Restate word for word the part of the material that runs from the line containing "COTTON EMPORIUM grey" through its final line, inclusive, minus the pictures.

Dataset excerpt =>
++++++
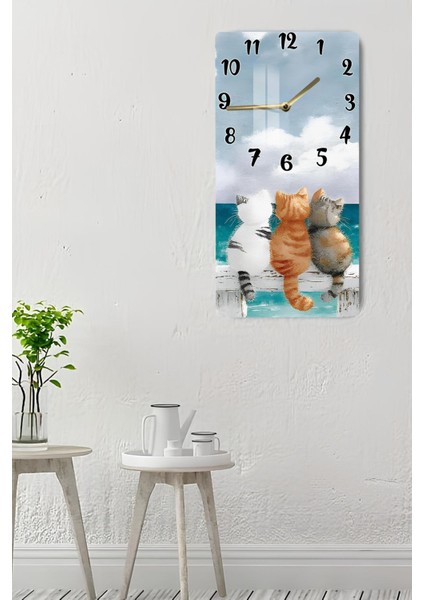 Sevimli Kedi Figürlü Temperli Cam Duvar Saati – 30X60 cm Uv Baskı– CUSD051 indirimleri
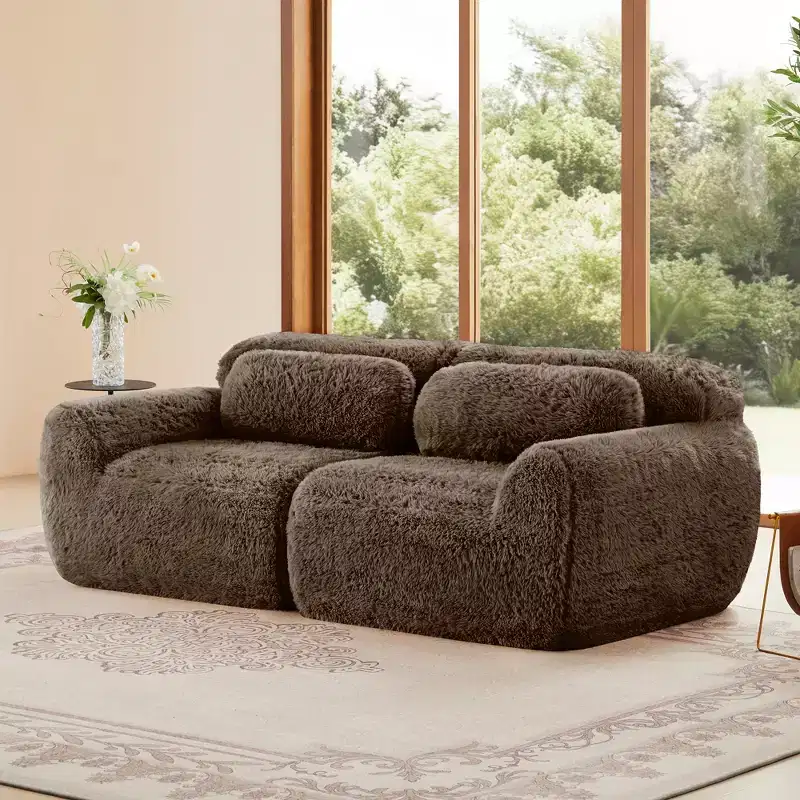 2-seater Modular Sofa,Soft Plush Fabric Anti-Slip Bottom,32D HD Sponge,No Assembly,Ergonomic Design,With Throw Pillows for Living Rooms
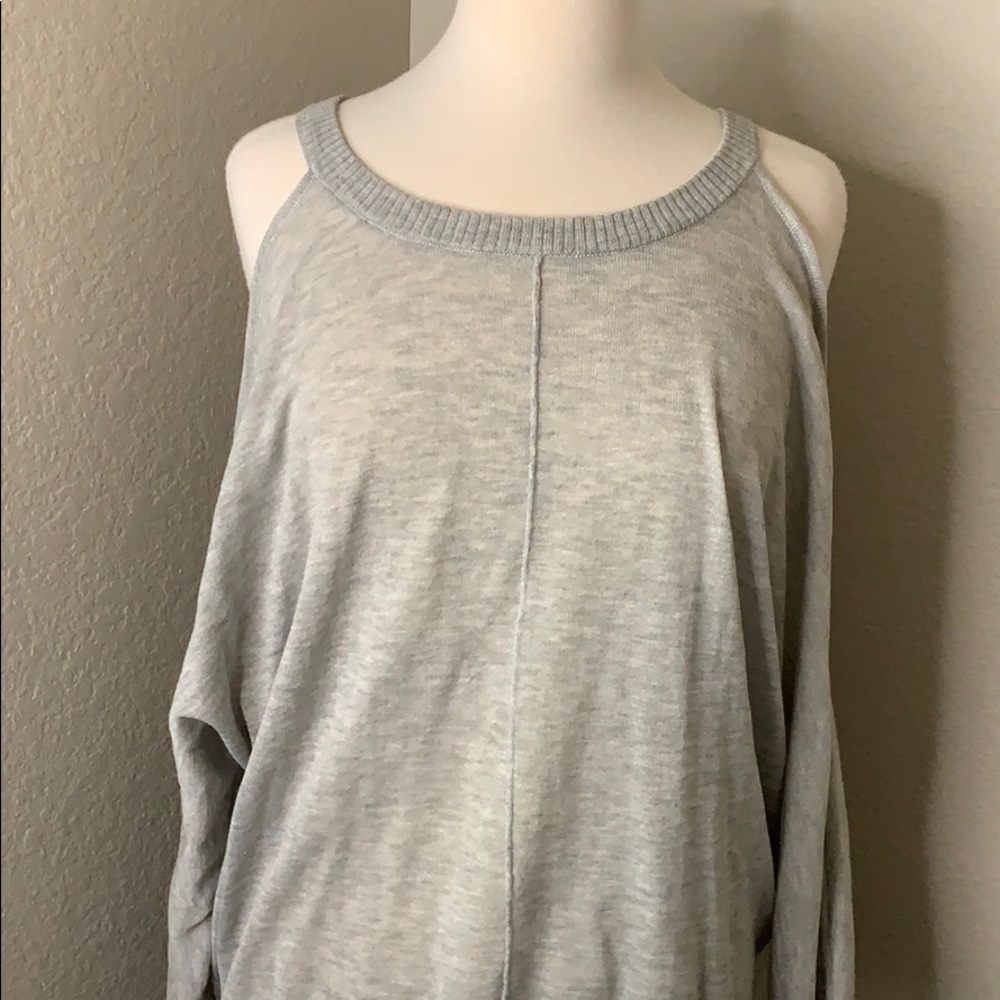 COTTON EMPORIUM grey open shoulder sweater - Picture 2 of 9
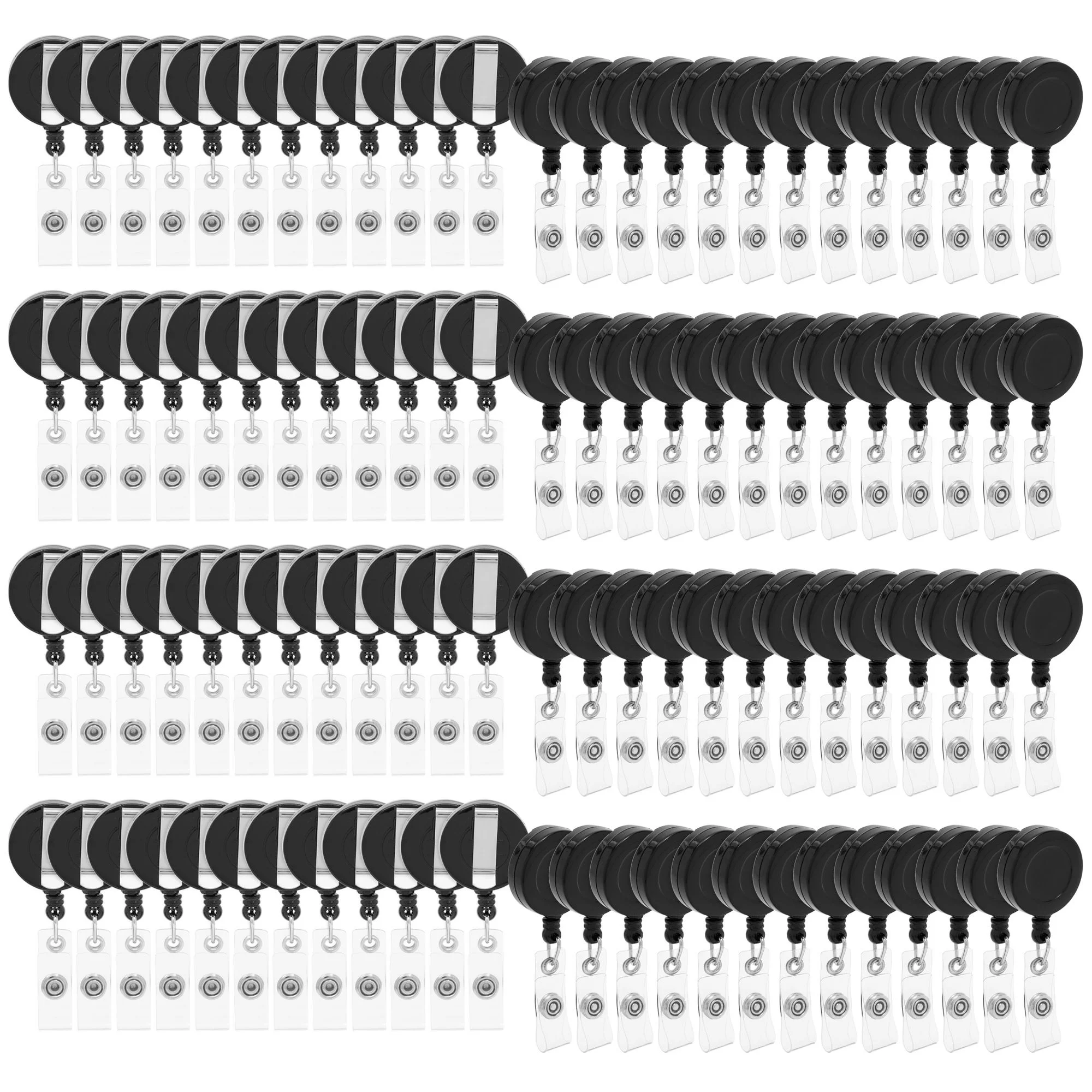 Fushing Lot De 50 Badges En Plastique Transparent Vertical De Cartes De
++++++
Finished task =>
 COTTON EMPORIUM grey open shoulder sweater - Picture 2 of 9
 Fushing Lot De 50 Badges En Plastique Transparent Vertical De Cartes De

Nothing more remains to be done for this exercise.